* Crawled caption data
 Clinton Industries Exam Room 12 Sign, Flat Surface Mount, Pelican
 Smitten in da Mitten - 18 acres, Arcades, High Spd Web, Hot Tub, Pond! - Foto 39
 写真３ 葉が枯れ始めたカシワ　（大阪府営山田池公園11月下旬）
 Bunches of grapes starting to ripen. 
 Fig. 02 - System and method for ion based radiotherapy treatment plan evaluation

==

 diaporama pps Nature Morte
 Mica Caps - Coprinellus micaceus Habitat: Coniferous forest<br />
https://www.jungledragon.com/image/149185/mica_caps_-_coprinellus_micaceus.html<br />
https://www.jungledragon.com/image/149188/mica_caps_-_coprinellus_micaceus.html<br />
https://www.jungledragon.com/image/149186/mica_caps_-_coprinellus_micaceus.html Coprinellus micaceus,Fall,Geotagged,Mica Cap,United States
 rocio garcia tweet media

* WHAT IS EXPECTED
Go through the entries above and count the lines containing the word "https"; give only that count.

* RESULT OF THE TASK
3